To John Tidmarsh   (Jul. 1st, 1843)

(Pour mon cher1 Jack)

________________

Dear Jack, ere the pennant2 above thee is streaming,

A meteor tracing its path thro the sky –

While Remembrance o’er pleasures departed is dreaming,

I raise my blunt steel-nib to wish thee Good Bye!

And shall I appeal to the empty illusion,

That floats o’er Parnassus,3 and raise with the throng,

The incense of prayer for the fancied infusion

Of light from the muse to embellish my song?

Away with the mock’ry – the language of feeling

Is fairest disrobed of the tinsel of art;

Its musical tones a deep pathos revealing

Bear on them the fair, sunny stamp of the heart!

Oh! peaceful and soft my dear Jack be thy pillow,

Encircled by thoughts of the fair native shore;

As riding secure o’er the foam crested billow,

Thou dreamest of Friendship and Tyndall once more!

How I think on the nights we have nestled together!

When the voice of ‘discussion’ waxed warm and shrill –

They are vanished and flown like a wind-borne feather,

Yet deeply does Memory cherish them still!

And oh! when he roams by the brink of the ocean

Which laves4 that far shore with its wavelets of blue –

When his heart is alive to each tender emotion,

I feel that my Tidmarsh will think of them too!

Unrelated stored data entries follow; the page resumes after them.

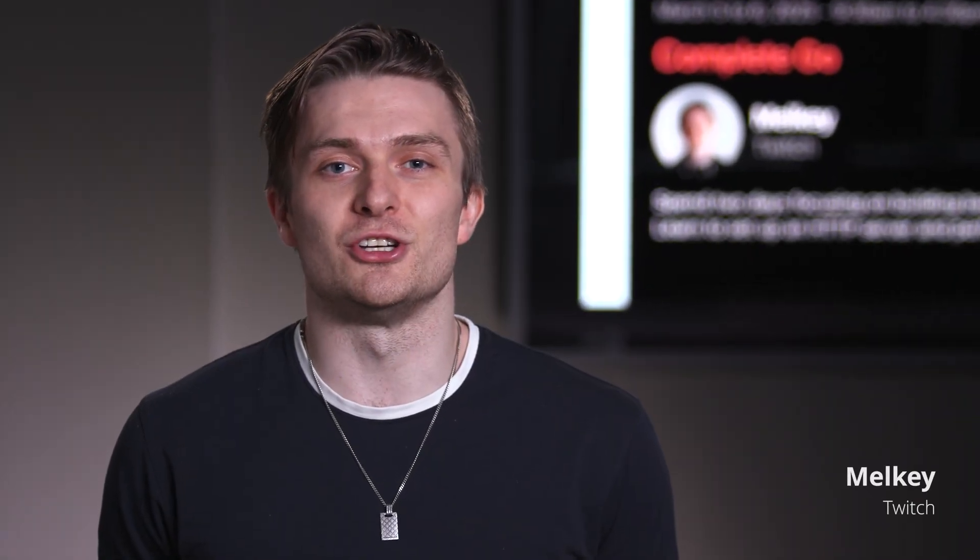Hey, I'm Melky, and I'm a senior software engineer at Twitch, and I'm also a content creator. I created this course for individuals who are interested in learning Go, regardless of where they are in their career.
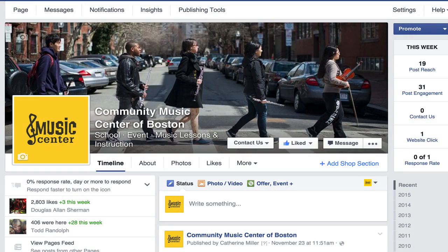You've no doubt heard the expression 'many hands make for light work' and that is true especially on Facebook when you're managing a Facebook page. Facebook pages allow non-profits and businesses to add and manage multiple administrators with different levels of admin access who perform different responsibilities and tasks.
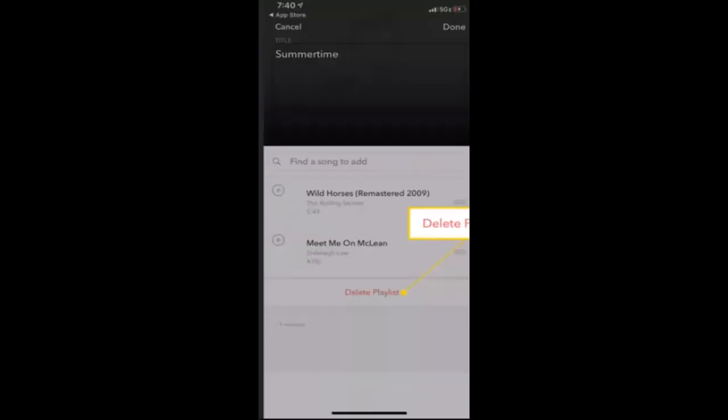However, to remove a playlist from your Pandora account, tap on the delete playlist button. To reorder the items in the playlist, tap and hold the section and drag it to a new location. In this way, you can make a playlist with Pandora app.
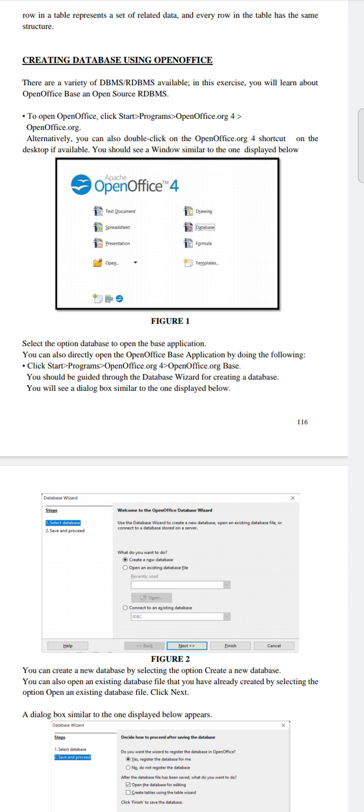Now let's see creating a database using OpenOffice. This is very simple. You can also download an application from the Play Store and try this at home if you have a system. Now, there are a variety of database management systems or relational database management systems available. In this exercise, you will learn about OpenOffice Base, an open-source RDBMS.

And with them remember the green, sunny mountains

Of Erin,5 which lift their proud summits on high;

Forget not her vales, nor her flowers, nor her fountains

Where the bright smile of Boyhood first gleamed in thine eye!

There are bosoms which love thee, whose full tide of sorrow

Is fanned as it flows by a thousand fond fears;

There are bright eyes and lovely which scarcely can borrow

From Hope a glad sunbeam to dry up their tears!

Yet, onward my Boy! may the balm-wafting pinion6

Of unalloyed happiness wave o’er thy breast;

When far, far away from the Sappers dominion

Your thoughts wander back to ‘your own darling West’!

May the God of your fathers protect you in danger

While your course o’er the dark-rolling surges you steer

Till you press the bright strand of the Ishmaelite7 stranger,

And the warm tones of welcome strike sweet on thine ear!

And now ere the pennant above thee is streaming,

A meteor tracing its path thro’ the sky –

While Remembrance o’er pleasures departed is dreaming

Last chime of my song, Jack – God Bless youGood Bye!

John Tyndall

Preston Lancashire

July 1st 1843.

It’s hardly worth sending to you Jack, had I time I’d make it better – take it however as it is – it will perchance call me to your mind when a thousand surges roar between us8 – every wish it contains is a bubble from the deepest fountain of my heart.

J.T.

RI MS JT 1/11/3873

LT Transcript Only

Pour mon cher: for my dear (French).

pennant: a long tapering or swallow-tailed flag (OED).

Parnassus: a mountain in central Greece that, in Greek mythology, was the home of the three Muses.

laves: washes, bathes (OED).

Erin: romantic name for Ireland.

pinion: wing (OED).

Ishmaelite: a descendant of Ishmael, one of Abraham’s two sons. The Arabs claim to be descended from Ishmael and he is a patriarch of Islam (OED).

when a thousand surges roar between us: Tyndall believed Tidmarsh to be soon sailing for the Cape of Good Hope; see letters 0213 and 0215.